# Thompson Center Encore rifled slug barell question?



## THEFISHHUNTER (Jan 26, 2008)

Does anyone have a rifled slug barrel for their Thompson Center Encore (pro-hunter or Endeavor)? I just purchased the Endeavor muzzleloader. I can't wait to get to the range and try it out. I have a Remington 1100 12 ga.that I have a bird barrel and a rifled cantileiver deer barrel with the Nikon bdc scope on it. Despite my best attempts I was only able to put up 5 inch groups using Hornady sst at 100 yards. I was told there is a little play in the barell due to the fact it was semi-auto. I am thinking that if a slug was locked down in a Thompson receiver I would be able to put up better groups and safely utilize the bdc redicles and possibly take an animal at longer ranges with a slug. I hunt on a golf corse up north so a longer shot is not out of question for me. Any info on Thompson rifles slug barrels would be great. Thank you in advance. Also if anyone knows if the bdc scope will work for both 12 and 20 ga barrels?


----------



## target-panic (Jan 9, 2006)

Did you try any other slugs through your 1100? I bought a new Benelli slug gun this fall & tried 4 or 5 different slugs through it. The Hornady was the worst performer with my gun. I ended up with the plain Remington Copper solids. You can't go wrong with the Encore for accuracy though. I have the BDC Nikon scope also. Not sure about the 12 ga. to 20 ga. question. The copper solids actually shot flatter than the BDC reticle at 100 yards. Hardly had to move from the 50 yard zero at all.


----------



## Ron L (Nov 12, 2000)

FWIW, my son's Mossy 500 in 20 gauge loves SST's. My 1100 is ambivalent to them. Brenneke and Remington Reduced Recoil slugs work best in that particular gun. 

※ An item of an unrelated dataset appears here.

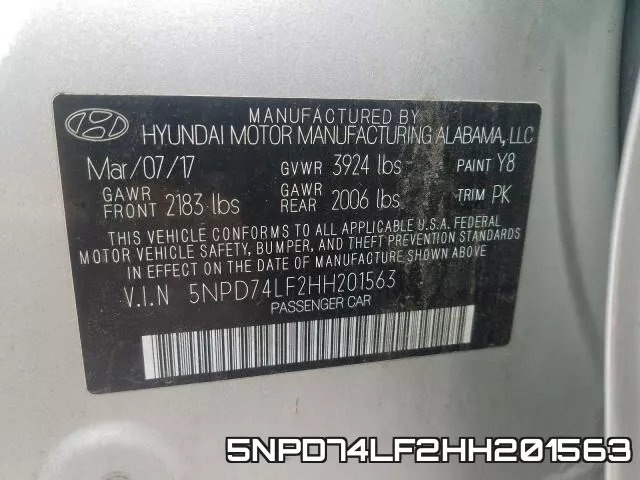 5NPD74LF2HH201563 фото 2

Try a few more types of ammo thru that 1100 before you make a decision. Unless of course, you _really_ want to get another gun.


----------



## troutchops (Apr 15, 2005)

Hey Boobhunter:lol:

Nice purchase, that Jim Shocky special is sweet. I got an old school Encore with the 20ga slug barrel. Like I told you, get the 20ga, the 12ga has a real nice kick to it. I think your BDC will work fine with the 20ga, but then again I have a Leupold. Merry Christmas, you sand baggin sob.


----------



## old graybeard (Jan 19, 2006)

I have an Encore with 12ga rifled slug barrel. I shoot Remmington copper solids through it with excellant results. Best slug shooter I have ever owned and I have an 870 and an Ithica Deerslayer.


----------